An insurer does not owe a duty of “fairness and reasonableness” to a third party claimant in settling that party’s claim

08. February 2006 0

Young v. Insurance Corp. of British Columbia, [2006] B.C.J. No. 274 British Columbia Supreme Court

Young was injured in a motor vehicle accident when she was 16 years old. At the time, she was insured by the Insurance Corporation of British Columbia (“ICBC”). After Young turned 19, she signed a release of her claims against the Defendant driver, also insured by ICBC, in relation to her tort claim against him. Subsequently, Young commenced an action against ICBC alleging that it breached various duties owed to Young in failing to provide her with fair and reasonable compensation for the true value of her tort claim.

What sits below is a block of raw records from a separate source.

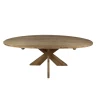 Eettafel Mosy 240x120cm Ovaal Met Kruispoot – Naturel/teak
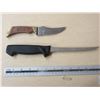 Image 4 : (2) Knives w/ Sheathes inc. Bell Folding Hunting Knife and K.J. Eriksson SS Fillet Knife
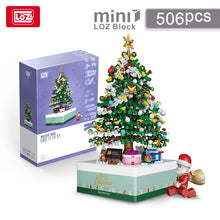 Load image into Gallery viewer, 1237 1238 1054 LOZ mini Blocks Kids Building Bricks Boys Toys Puzzle Christmas Tree Coffee House Girls Holiday Gift Music Box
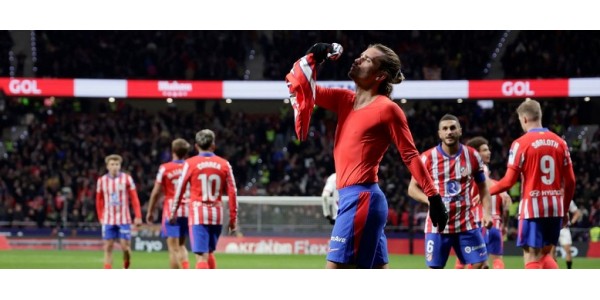 Atlético de Madrid vände matchen efter att ha hamnat under med två mål Atlético de Madrid vände matchen efter att ha hamnat under med två mål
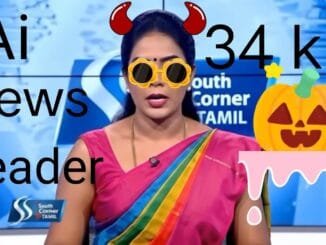 Ai news reader funny video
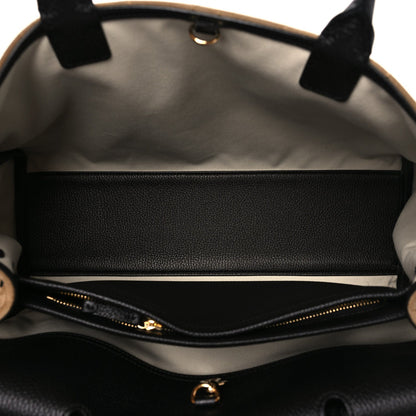 Calfskin Suede Handbag - Beige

Young argued that ICBC owed a duty of “fairness and reasonableness” to all third parties claiming against those insured by ICBC. If such a duty did not exist generally, Young argued it arises where, as here, ICBC deals with claimants in two capacities, both as third party claimants and as first party claimants for Part 7 benefits.

ICBC argued that there was no authority to support the proposition that it owed Young a duty of “fairness and reasonableness” in Young’s capacity as a third party claimant such that a breach of that duty would give rise to a cause of action, relying upon the decision of the British Columbia Court of Appeal in Joe (Next Friend of) v. Insurance Corp. of British Columbia (1984), 55 B.C.L.R. 118 (C.A.). In the case at bar, the Court agreed with ICBC, noting that ICBC owed a duty as the insurer of the Defendant driver to investigate the Plaintiff’s claim against him and it was obliged to use reasonable care in discharging that duty. However, as the insurer of the Defendant driver, which was the capacity in which ICBC was acting when it negotiated the damage portion of Young’s claim, ICBC did not owe a duty to Young as the Plaintiff.

In the result, Young’s action was dismissed with costs.